Immigration compliance and employment discrimination related to immigration compliance can put employers between a rock and a hard place. As more states require E-verify and the feds are ramping up enforcement against employers who misuse E-verify, it's important to get the facts.
Here are some basics for those who use E-verify:
- Employers must still complete I-9 forms.
- All new hires must be entered within three days of starting work.
- All new hires must be entered into the E-verify system for confirmation of eligibility to work, not just some of them.
- Employers cannot use E-verify to screen existing employees UNLESS a company been awarded a federal contract on or after September 8, 2009, that contains the Federal Acquisition Regulation (FAR) E-Verify clause (see more online).
- E-verify notifications of work eligibility are NOT determinations of a new hire's immigration status. That's not a matter for employers to decide, so don't play cop or make assumptions.

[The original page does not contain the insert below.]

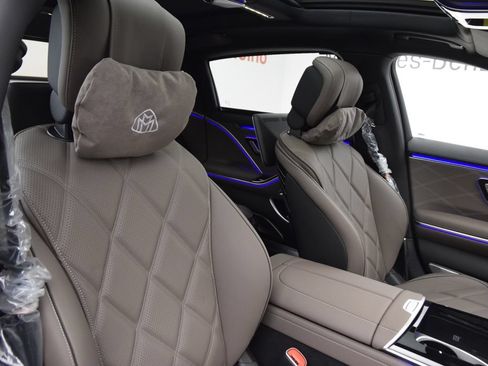 New 2026 Mercedes-Benz Maybach S 580 4MATIC image 16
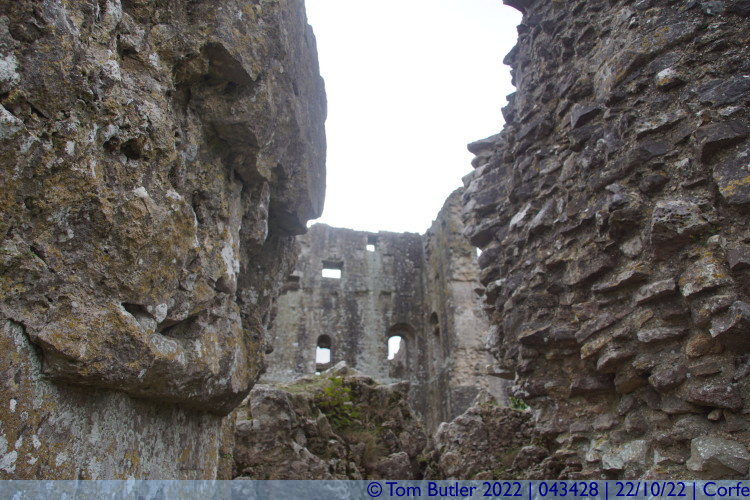 Photo ID: 043428, View through the ruins, Corfe, England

- When you receive a TNC (Tentative Non-Confirmation) notice from the system, be sure to print the notice, provide a copy to the employee and follow the directions. There are employer-specific instructions, as well as instructions for the new hire to follow.
- Log in to E-verify on a daily basis to check for updates on new hires until cases are resolved.
But there's a lot of other information that you need to know, so don't take this article as a definitive answer about the system, rather use it as an invitation to learn more about it if you're not using it - or to brush up on what you know if you are a current E-verify user.
The U.S. Customs and Immigration Services website has a helpful Question and Answer webpage as well as online webinars for those who want to know more about the system. The Justice Department has a useful online Dos and Don'ts resource as well.